When setting the $GFORTRAN_TMPDIR environment variable you must use the absolute /work path rather than a symbolic link to /work from the /home filesystem otherwise your calculation will fail. This is done in the example above by resetting the PBS_O_WORKDIR environment variable using the readlink command.

CASTEP has an option to optimise its run between speed and memory saving. This is controlled either by parameter:

OPT_STRATEGY_BIAS [=-3..3]

or equivalently

OPT_STRATEGY=MEMORY/DEFAULT/SPEED

Normally it should be recommended that users choose OPT_STRATEGY=SPEED/OPT_STRATEGY_BIAS=+3 unless the run attempts to use more memory than available. (Even in that case the first choice should be to increase the number of processors used and distribute the memory if possible.)

Optimising for Memory Use

Hybrid MPI/OpenMP Approach

In addition to MPI, CASTEP supports shared memory parallelism through OpenMP threading within a node. This allows for reductions in data duplication, resulting in a smaller memory footprint for a given system and enabling larger systems to be run within the memory confines of an ARCHER node.

To make use of this approach, CASTEP should be run with the nodes "unpacked" or "underpopulated", i.e. not with one process for each physical core. General documentation on the appropriate aprun flags for accomplishing this are at in Section 5.4.2 of the User Guide with a generic script for a hybrid MPI/OpenMP job in Section 5.4.7.

A CASTEP-specific example script is provided below which details a 40-node job with 6 MPI processes per node and 4-way threading. See the "Shared Memory parallel optimization of the FFT" section below for documentation on the NUM_PROC_IN_SMP environment variable.

#!/bin/bash --login
#PBS -A [acct]
#PBS -N [Jobname]
#PBS -l select=40
#PBS -l walltime=24:00:00
#PBS
#PBS -j eo

# As in above example script
export PBS_O_WORKDIR=$(readlink -f $PBS_O_WORKDIR)
cd $PBS_O_WORKDIR
module add castep
export TMPDIR=$PBS_O_WORKDIR
export CASTEP_TMPDIR=$PBS_O_WORKDIR


# 40-node job with 6 MPI processes per node = 240 processes in total
# 4 OpenMP threads per MPI process
# 3 MPI processes per NUMA region
export KMP_AFFINITY=disabled
export OMP_NUM_THREADS=4
export NUM_PROC_IN_SMP=6
aprun -n 240 -N 6 -d 4 -S 3 ${CASTEP_EXE} ${SEEDNAME}

The numbers for this example were chosen for illustrative purposes and, for best results, users should tune the MPI-OpenMP ratio for their particular problem.

For further details, please see the eCSE01-017 project page and accompanying technical report.
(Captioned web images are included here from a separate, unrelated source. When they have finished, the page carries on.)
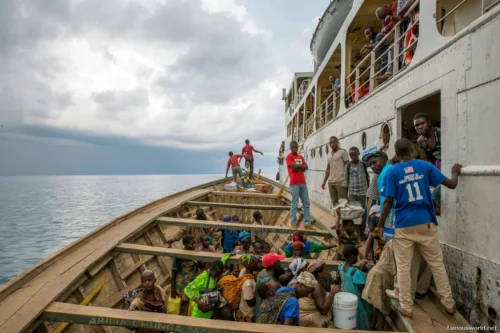 Lake Tanganyika 09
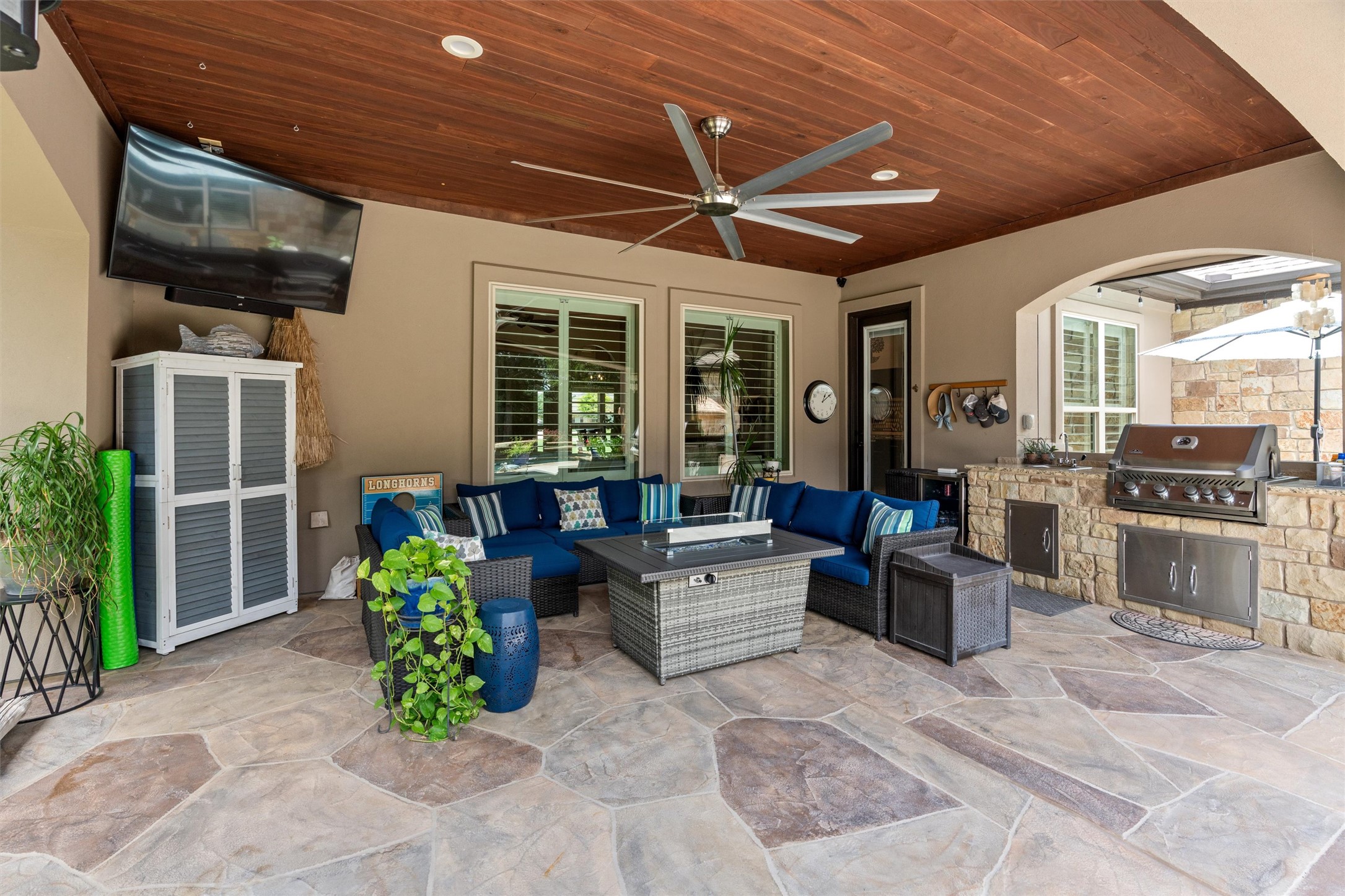 104 Adobe Cove Georgetown, TX 78633 - Photo 27 of 39 View of patio / terrace featuring an outdoor kitchen with living area and a ceiling fan
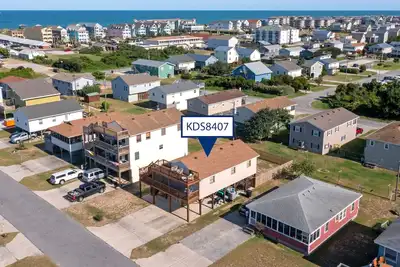Image de Tanfastic: 5-Min Walk to Beach | Hot Tub | Dogs Ok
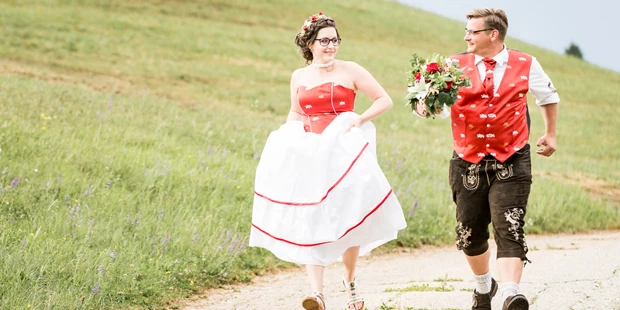 Hochzeitsfotos - Grasberg (Altmünster) - Sandra Matanovic Hochzeitsfotografin Kärnten, Steiermark & Kroatien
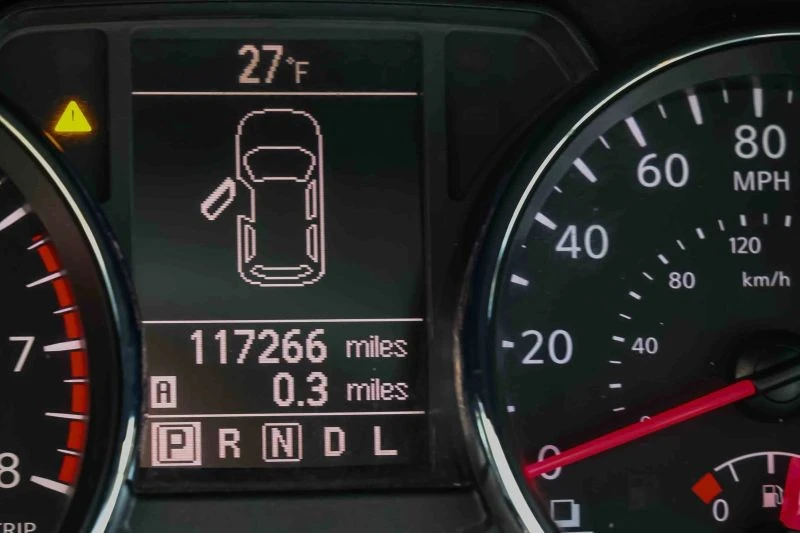 2013 Nissan Rogue - Image 8 of 12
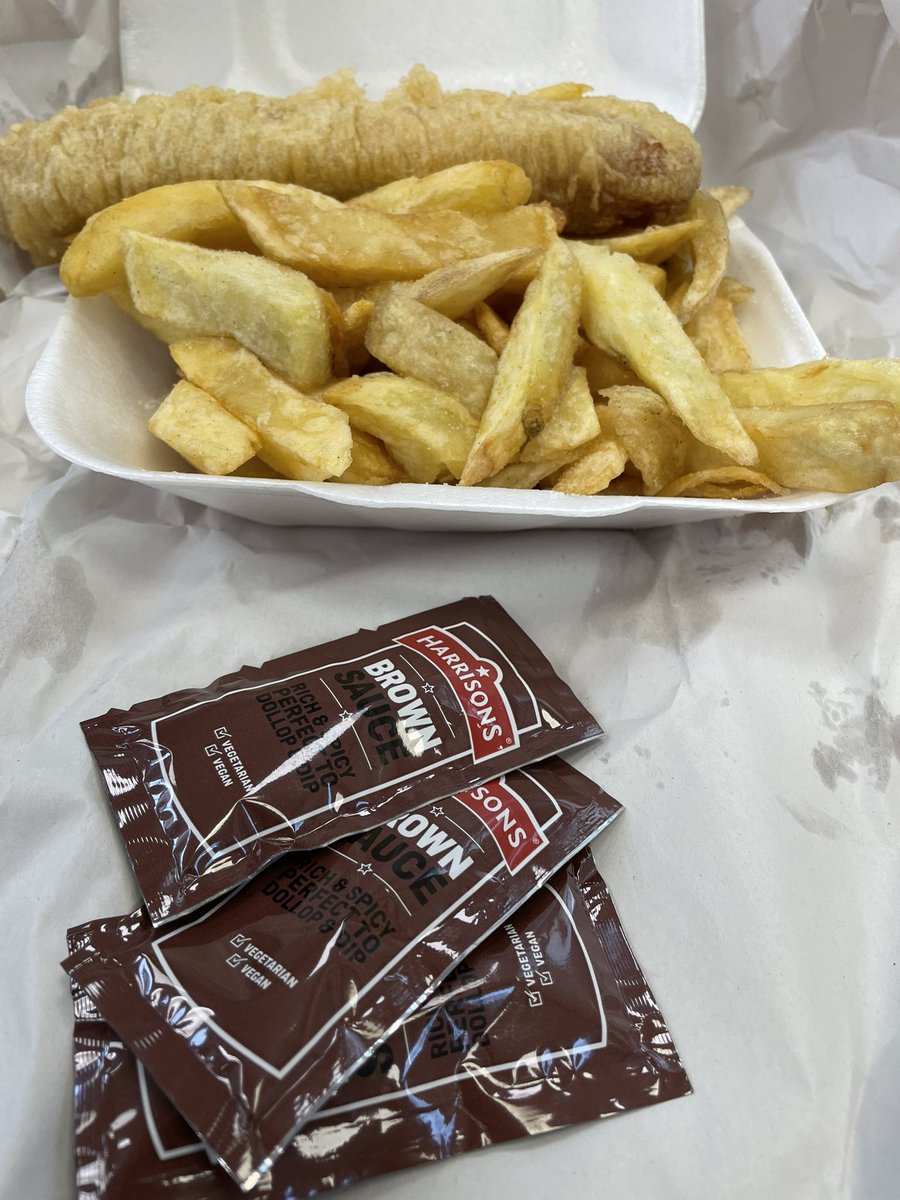 When you ask for brown sauce on your chippy in Glasgow! Disgrace 🙄😂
Shared Memory parallel optimization of the FFT

The environment variable NUM_PROC_IN_SMPNote1 controls the use of shared-memory to optimize interconnect use by bundling up inter-node communication. This improves parallel scaling of the 3D FFT, particularly at large MPI process counts. The value should be in the range 1 to the number of MPI processes per node, although best performance is usually obtained with a value of 6.
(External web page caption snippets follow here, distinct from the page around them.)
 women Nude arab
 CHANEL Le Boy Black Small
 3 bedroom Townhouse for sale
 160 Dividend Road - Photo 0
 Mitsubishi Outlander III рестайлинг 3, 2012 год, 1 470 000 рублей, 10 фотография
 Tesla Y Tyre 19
Note1 - Using the environment variable to set NUM_PROC_IN_SMP was added in CASTEP 17.2; in earlier versions a parameter of the same name in the <SEEDNAME>.param input file was used.

Tuning k-point Parallelism

For calculations with large k-point counts, it may be appropriate to reduce the level of k-point parallelism with the following addition to your .param input file:

%BLOCK devel_code
    PARALLEL:kpoint=<n>:ENDPARALLEL
%ENDBLOCK devel_code

which explicitly sets the limit to <n>-way k-point parallelism.

CASTEP's default strategy is to maximize k-point parallelism as this is much less latency and bandwidth sensitive than G-vector (FFT) parallelism. Unfortunately k-point parallelism is more memory hungry than G-vector, and this can easily exceed the node memory. By tuning this kpoint parameter, memory use can be reduced by trading off latency and bandwidth.